早い判断で、月着陸を放棄し飛行士の安全な帰還にミッションを切り替えた。
着陸船をライフボートとして使うという早期の判断で、電力や酸素などの消耗を抑えることができた。
2. 予測
帰還までに発生する事象が的確に予測された。
帰還までの成功シナリオが作られ、状況に合わせて適宜、適切に更新された。期間中、どの時点でもリスクはあっても成功する方法が確保されていた。
軌道修正の必要性とタイミング、電源の不足、二酸化炭素の増加、着陸船切り離しの障害、などの発生する可能性のある問題がすべて洗い出され、適切な解決法が考え出された。
3. 問題のマネジメント
慎重な分析と深いディスカッションに基づいて、種々の問題が適切にマネジメントされていった。
帰還軌道の選択は、様々な条件を考慮しタイムリーに行われた。噴射エンジンの使い方、噴射の時間が適切に示された。
限られた電力を各部門が取り合ったが、担当エンジニアの懸命な調整で各々の必要な電力が配分された。
着陸船の切り離しの方法、圧力計算は専門家に委託され、制限時間内に正確な結論が得られた。
解決案は、失敗がないように慎重に確認された。
― 司令船パワーアップ・プロシージャはシミュレーターで確認された。
― 二酸化炭素除去装置は地上で試作された。
4. コミュニケーション
意思決定が明確に伝わった。
多くのコントローラー、エンジニア、研究者、飛行士がタイムリーで的確なコミュニケーションを行った。

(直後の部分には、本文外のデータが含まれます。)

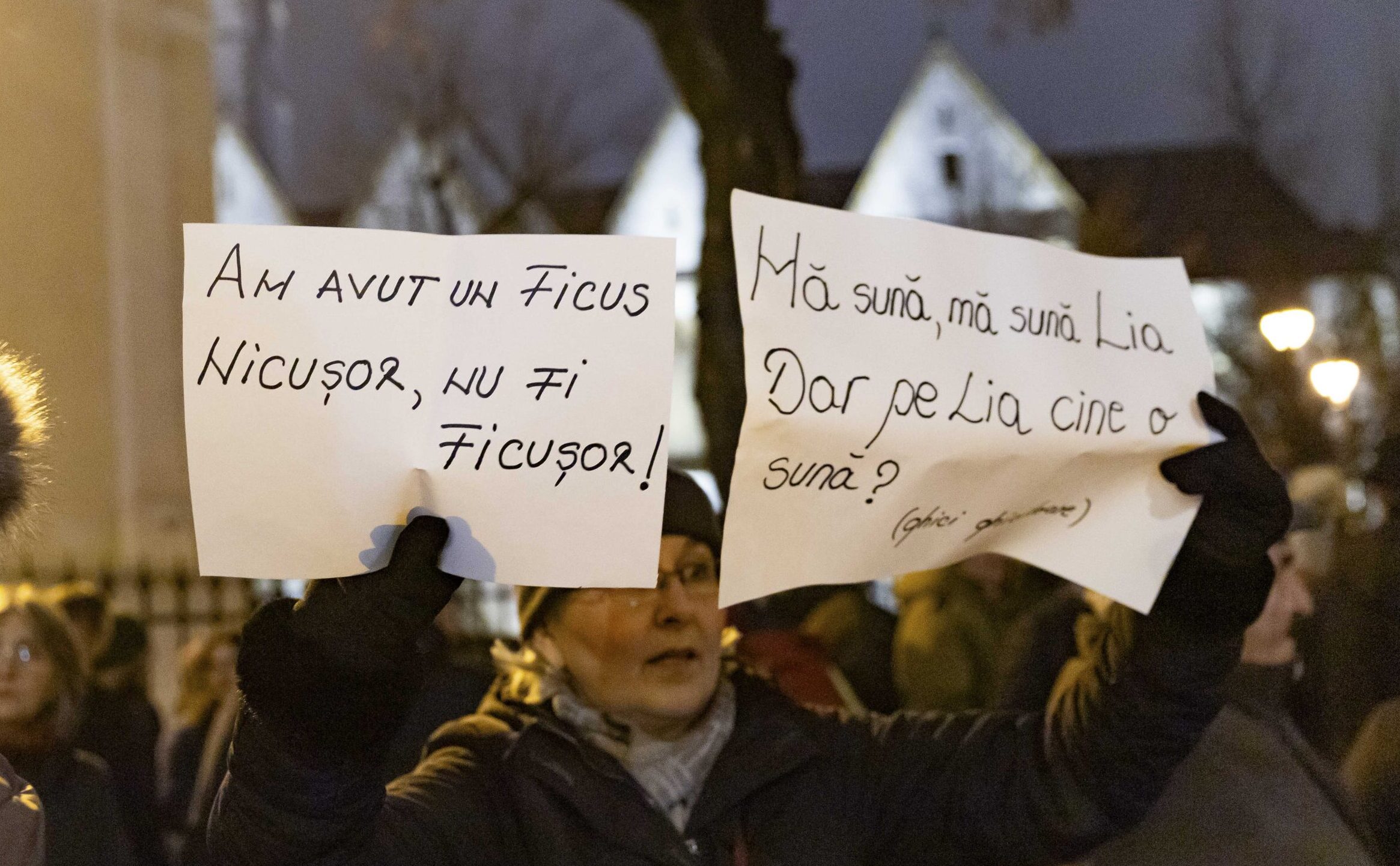 Lia Savonea, președinta Înaltei Curți de Casație și Justiție (ICCJ), se confruntă cu un val fără precedent de critici instituționale din partea celor mai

必要十分な情報が宇宙飛行士に伝えられた。不要な情報は伝えられなかった。
宇宙飛行士に正確な情報が伝わるように慎重に行われた。
― 二酸化炭素除去装置の作成方法
― 司令船パワーアップ・プロシージャ
マスコミとのコミュニケーションが適切であった。
5. 体制
4チームが交代で支援する体制が作られていた。
地上の宇宙飛行士が協力した。
エスカレーション方法が明確で、対応はタイムリーで適切に行われた。

 アポロ13号の事故処理は危機管理であるが、プロジェクトマネジメントにおいてもほとんど上記の成功要因が当てはまる。最も重要な成功要因は、意思決定の見事さであろう。危機管理でもプロジェクトマネジメントでも意思決定の難しさは、場合によっては選択肢を確認できないことである。例えば、トラブル・プロジェクトを途中から引き受けて、要件定義がうまくいっていないことが判明した場合、既存の要件定義を手直しするのがよいのか、一からやり直したほうがいいのかは、並行してやってみない限り結論がでない。プロジェクトマネジャはこの意思決定をしなくてはならないが、これはいつでも難しい決定であり、結果論で評価されることになる。アポロ13号の場合は人命がかかっているという究極の意志決定であったが、結果的に正しく意思決定がおこなわれ見事としかいいようがない。
 成功基準もプロジェクトの成功の重要な要素である。日経コンピューターの調査ではQCD目標の達成で成功を判定しているが、これは必ずしもプロジェクトの目的の達成と一致するとは限らない。筆者は、成功はQCDではなくプロジェクト目標の達成度で測定すべきと考えている。成功基準が明確でなかったり、チームが理解していなかったりするプロジェクトをよく見かけるが、これでは成功はおぼつかない。アポロ13号では、宇宙飛行士の生還という明確な成功基準があった。このためチームのベクトルが一致して成功に結び付いている。
 プロジェクトでは程度の違いはあれど失敗はつきものである。個々の失敗を克服していった結果に成功を得られる。すべてのプロジェクトで、「Successful failure」としたいものである。